BAL DES PENDUS
Au
gibet noir, manchot aimable,
Dansent, dansent les paladins,
Les maigres paladins du diable,
Les squelettes de Saladins.
Messire Belzébuth tire par la cravate
Ses petits pantins noirs grimaçant sur le ciel,
Et, leur claquant au front un revers de savate,
Les fait danser, danser aux sons d'un vieux Noël !
Et les pantins choqués enlacent leurs bras grêles
Comme des orgues noirs, les poitrines à jour
Que serraient autrefois les gentes damoiselles
Se heurtent longuement dans un hideux amour.

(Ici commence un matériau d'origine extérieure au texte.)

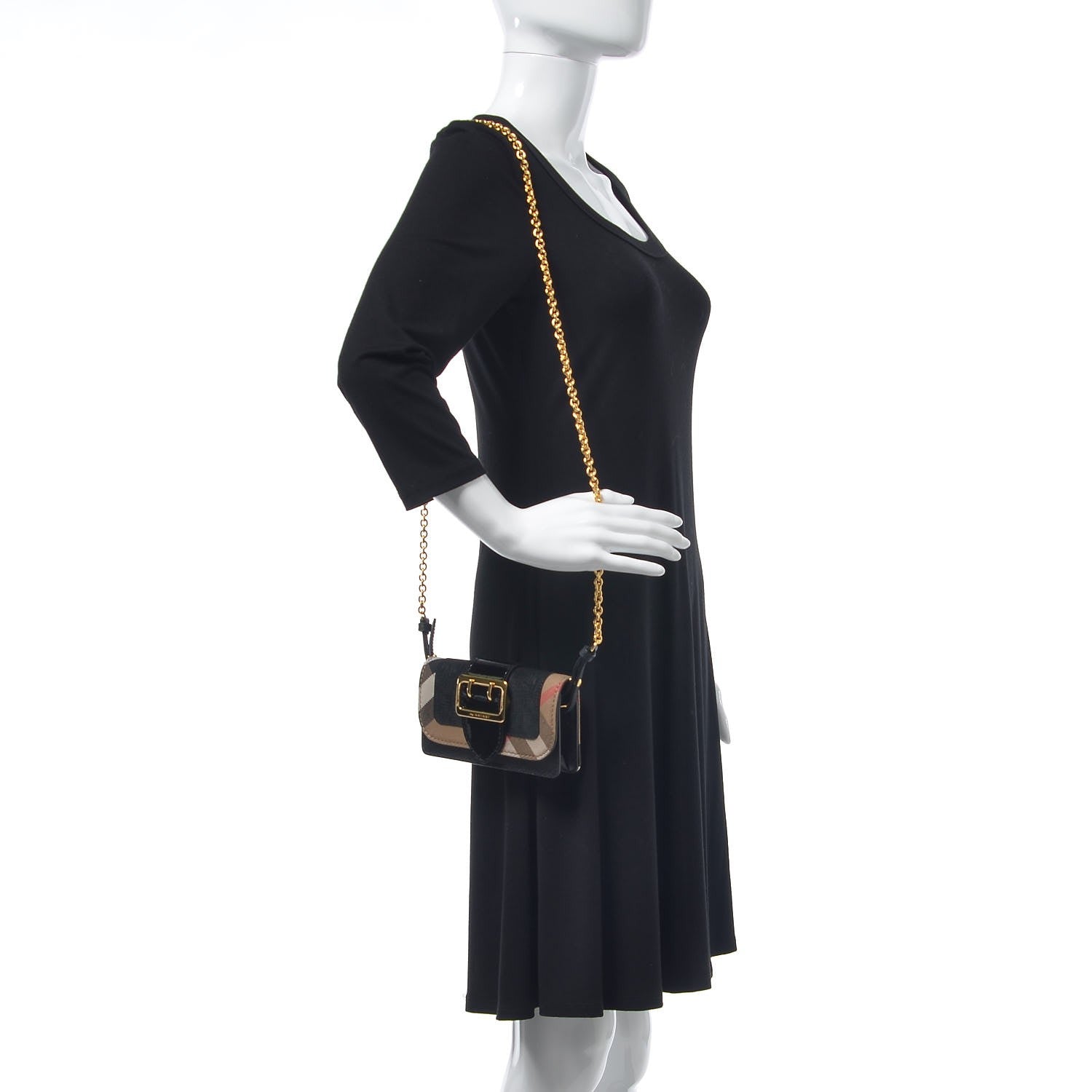 Burberry House Check Calfskin Mini Buckle Phone Crossbody Bag Black 2 of 6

Hurrah! les gais danseurs, qui n'avez plus de panse
On peut cabrioler, les tréteaux sont si longs !
Hopi qu'on ne sache plus si c'est bataille ou danse !
Belzébuth enragé racle ses violons !
0 durs talons, jamais on n'use sa sandale !
Presque tous ont quitté la chemise de peau ;
Le reste est peu gênant et se voit sans scandale.
Sur les crânes, la neige applique un blanc chapeau :
Le corbeau fait panache à ces têtes fêlées,
Un morceau de chair tremble à leur maigre menton :
On dirait, tournoyant dans les sombres mêlées,
Des preux, raides, heurtant armures de carton.
Hurrah! la bise siffle au grand bal des squelettes!
Le gibet noir mugit comme un orgue de fer!
Les loups vont répondant des forêts violettes
A l'horizon, le ciel est d'un rouge d'enfer...
Holà, secouez-moi ces capitans funèbres
Qui défilent, sournois, de leurs gros doigts cassés
Un chapelet d'amour sur leurs pâles vertèbres :
Ce n'est pas un moustier ici, les trépassés !
Oh! voilà qu'au milieu de la danse macabre
Bondit dans le ciel rouge un grand squelette fou
Emporté par l'élan, comme un cheval se cabre
Et, se sentant encor la corde raide au cou,
Crispe ses petits doigts sur son fémur qui craque
Avec des cris pareils à des ricanements,
Et, comme un baladin rentre dans la baraque,
Rebondit dans le bal au chant des ossements.
Au gibet noir, manchot aimable,
Dansent, dansent les paladins,
Les maigres paladins du diable,
Les squelettes de Saladins.
Rimbaud est l'image même de la révolte adolescente contre une
société sclérosée, et cette image se réalise et se fixe dans une révolution
poétique contre une rhétorique également sclérosée. Mais révolution n'est pas
terrorisme, et Rimbaud, sous peine de saborder son «bateau ivre», ne peut échapper à
cette règle de la marginalité créatrice : non pas détruire, mais déconstruire une
forme pour en isoler les éléments puis les réorganiser selon une optique personnelle,
leur donnant ainsi un sens inoui. Le Bal des Pendus fait partie de ces refontes
géniales, inédites et pourtant ressourcées quelque part.